Problem details —
Reproduce the top of the data verbatim, through and including the line that contains "400 HALLOWES Cove, St. Johns".

Records for the task —

⁂

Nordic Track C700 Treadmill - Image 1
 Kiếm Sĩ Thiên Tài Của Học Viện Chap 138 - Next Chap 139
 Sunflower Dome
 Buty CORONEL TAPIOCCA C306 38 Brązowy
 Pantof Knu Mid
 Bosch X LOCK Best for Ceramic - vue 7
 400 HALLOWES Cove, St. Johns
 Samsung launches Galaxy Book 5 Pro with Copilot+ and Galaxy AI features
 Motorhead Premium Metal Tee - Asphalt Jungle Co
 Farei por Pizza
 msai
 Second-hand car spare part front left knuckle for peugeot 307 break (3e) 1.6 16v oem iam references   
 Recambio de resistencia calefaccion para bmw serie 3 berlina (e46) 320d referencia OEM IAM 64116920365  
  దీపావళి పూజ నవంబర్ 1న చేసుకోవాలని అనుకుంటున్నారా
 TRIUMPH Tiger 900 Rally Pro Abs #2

⁂

Answer —
Nordic Track C700 Treadmill - Image 1
 Kiếm Sĩ Thiên Tài Của Học Viện Chap 138 - Next Chap 139
 Sunflower Dome
 Buty CORONEL TAPIOCCA C306 38 Brązowy
 Pantof Knu Mid
 Bosch X LOCK Best for Ceramic - vue 7
 400 HALLOWES Cove, St. Johns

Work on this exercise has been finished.